In my opinion, this might be useful for posts with very many comments, but it could be more useful for when comments are displayed from newer to older rather than older to newer. This way if there are only a couple of new comments, you don’t have to scroll very much or click any buttons to read them.

I will try to pursue a tidier solution.

Comment System

Not happy with how the “lazy loading” comment plugin worked, I started looking into alternatives and found another comment system plugin that provides similar functionality and also a lot more.

One thing I like about this 3rd party plugin is that comments are still left on the site, as opposed to being a 3rd party system, and so I can always turn it off.

But there’s bad news. The plugin carries an enormous amount of bloat. In experimenting with it, I found myself disabling maybe 90% of its functionality.

It offered some good things, such as the ability to reorganize comments by age, interactions (number of replies) or “hottness” (reader votes). But, it also replaces some built-in functionality such as comment subscriptions with a less robust and possibly less reliable alternative.

There are a lot of appealing aspects to this plugin, but there are security concerns, update concerns, and loading time concerns. For instance, the plugin allows commentors to delete all of their past comments. You still cannot edit your comments, but you can delete all of them with two clicks?? Doing this must require some kind of back-door into the website database, and that’s bad. If someone does delete a comment that is replied-to, it breaks the commenting hierarchy for the entire post.

I have only had to block a few people from commenting over the years, but giving them the ability to delete everything and negatively and irreversibly affect others’ comments isn’t good.

Let’s say a comment has 10 replies, but is then deleted. Those 10 replies are also essentially deleted. It used to be that they would be pushed to the end of a post, but now they disappear from the page entirely. That would be very bad.

The plugin is also limited in a lot of regards because there are maybe 2 dozen paid modules designed to enhance the functionality.

I’ll look at once more, but this appears to be a dead end.

Comment Pages?

Comment “pages” might be a way to go, where you might not see any pages until say 25 or 40 comments on a page. 10 is way too few, 100 might be too many.

The built-in way of doing things is to load a duplicate page but with that next page of comments. There are ways to change with additional code to load each page with a button click or simply scrolling.

This is something I’ll start testing off-site.

One idea comes to mind, and that’s to change comment loading for older posts.

But, keep in mind that each comment is effectively a separate post. So if you have 50 comments, each of those take as many server resources to call for, retrieve, and load as a blog post, or at least a post without images.
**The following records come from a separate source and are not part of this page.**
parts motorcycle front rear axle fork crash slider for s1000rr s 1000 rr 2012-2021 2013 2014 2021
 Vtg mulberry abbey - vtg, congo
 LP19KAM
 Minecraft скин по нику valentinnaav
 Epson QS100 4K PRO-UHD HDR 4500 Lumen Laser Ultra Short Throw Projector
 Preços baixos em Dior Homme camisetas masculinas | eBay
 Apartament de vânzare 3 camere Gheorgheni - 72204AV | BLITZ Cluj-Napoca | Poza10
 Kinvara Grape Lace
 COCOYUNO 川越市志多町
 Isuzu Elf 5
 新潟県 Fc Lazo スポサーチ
It might not seem important, but loading speed, time, and number of elements on a page are very important to Google’s search engine and news feed. On one hand, Google likes user interactions. On the other, Google doesn’t want those interactions to hamper page speeds for users, especially mobile users.

So the question here is about how to improve how comments load with minimal disruption to the discussion. For example, one of the plugins I tested did improve comment loading speed, and the user experience wasn’t directly impacted, but it broke the vertical scroll bar, causing it to disappear. That’s still bad.

My goal is to optimize things in a way where you don’t even realize anything has changed.

Most magazines and consumer product websites, at least those that still have any comments section, place comments behind a link that then takes time to process things and load. That’s not user-friendly to me, and I assume you feel the same way. I’ll try to find something in the middle, or build the functionality myself.

Timetable

Aside from a couple of small to-do items, any major changes will likely take quite some time to learn, code, and implement.

I haven’t forgotten about the comment system features some of you have asked for, and I’m still looking for suitable solutions.

I’m mentioning all this because it really helps to have feedback.

If there’s something you like, don’t like, or want to request about the comment system, please let me know.